Will: Three Samples of Sam Alito

   George Will has a characteristicly clever selection of three cases in which Samuel Alito authored the opinion, concluding that he would be a vote against campaign finance laws like McCain-Feingold.

   My favorite synopsis: citing Alito's refusal to recognize a cause of action for an Atlantic City gambler who claimed that the casino was liable for his losses because it provided alcohol:

Writing for the U.S. Court of Appeals for the Third Circuit, Alito noted that New Jersey courts have not made servers of alcohol liable beyond injuries resulting from drunken driving or accidents or brawls in a bar. He said that although the state's regulation of casinos is "intense," there was no evidence of a legislative intent to make casinos liable for giving alcohol to gamblers. Alito agreed with a lower court's holding that extending such liability into an area "so fully regulated" would not be a "predictable extension of common law tort principles."

Alito also cited the lower court's opinion that making casinos liable for losses incurred by drunken gamblers "could present almost metaphysical problems of proximate causation, since sober gamblers can play well yet lose big, intoxicated gamblers can still win big, and under the prevailing rules and house odds, 'the house will win and the gamblers will lose' anyway in the typical transaction."

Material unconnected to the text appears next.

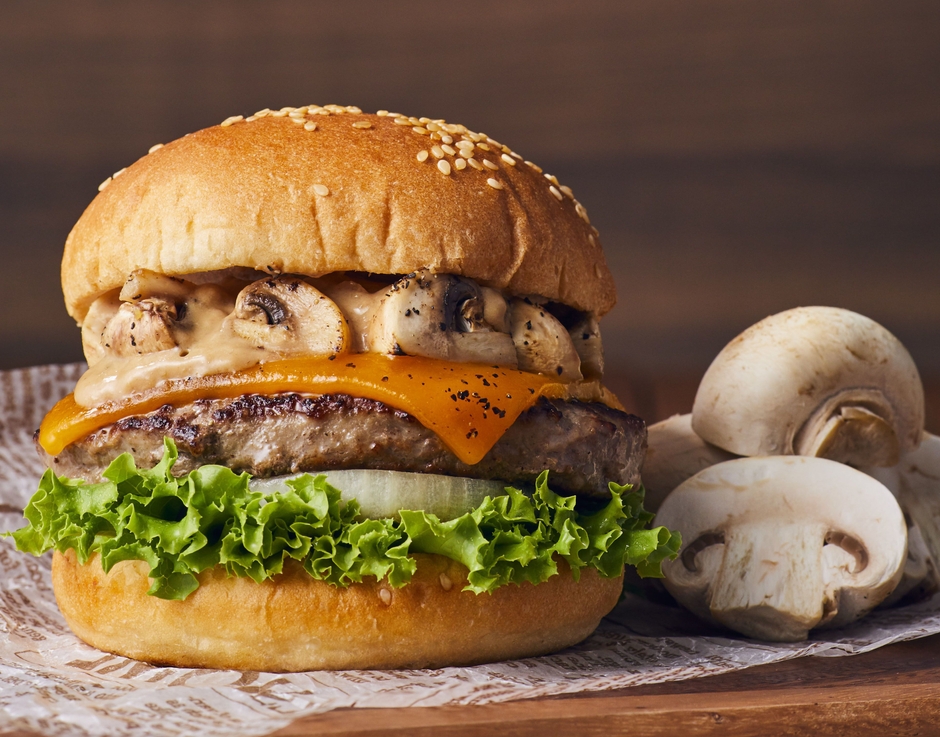 【クラシックマッシュルームチーズバーガー】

Score one for the principle that courts should not improvise social policy, particularly in areas where legislatures have made detailed pronouncements.

Score one, indeed.

4 Comments:

Anonymous Anonymous said...

I don't think that it is fair to distill the analysis of Alito to the rants of a whiny girl who has probably not read her cases. Alito has about 350 published cases. I have read about 180 of them. To form an opinion without reading all of them is unlawyer-like and probably encourages terrorism.

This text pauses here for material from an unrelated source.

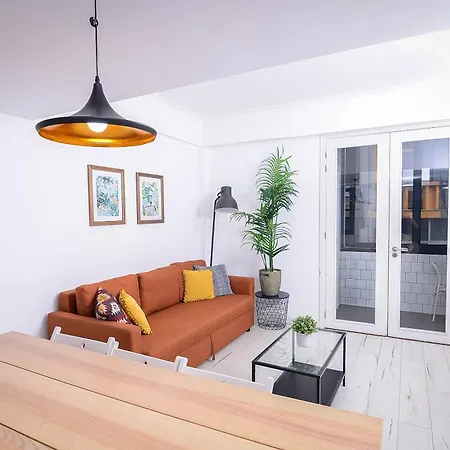 Travel And Live Apartments-2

I would terminate my friendship with that girl now and report her to the bar. (You can tell her that she is better at shopping than understanding SDP or privacy issues to cushion the blow.)

1:11 PM  
Blogger Bostonian Exile said...

Wow. I really don't know where to start with that.

So I won't.

1:15 PM  
Blogger Kevin said...

Can't say I blame ya BE.

As far as McCain-Feingold, I can't for the life of me understand how a law which says that I can't buy an ad expressing an opinion about a candidate in the month before an election isn't an infringment upon my First Amendment rights. It seemed pretty cut-and-dry to me. That is one precedent that needs to be overturned soon. If it isn't, I fully expect for us lowly bloggers to be regulated soon. Somebody is sure to say that a blog extolling the virtues of a particular candidate amounts to an illegal campaign contribution.

1:47 PM  
Blogger Bostonian Exile said...

I can't say that I am intimately familiar with the workings of McCain-Feingold, but I am inclined to agree with you that it seems to lead to some perverse consequences.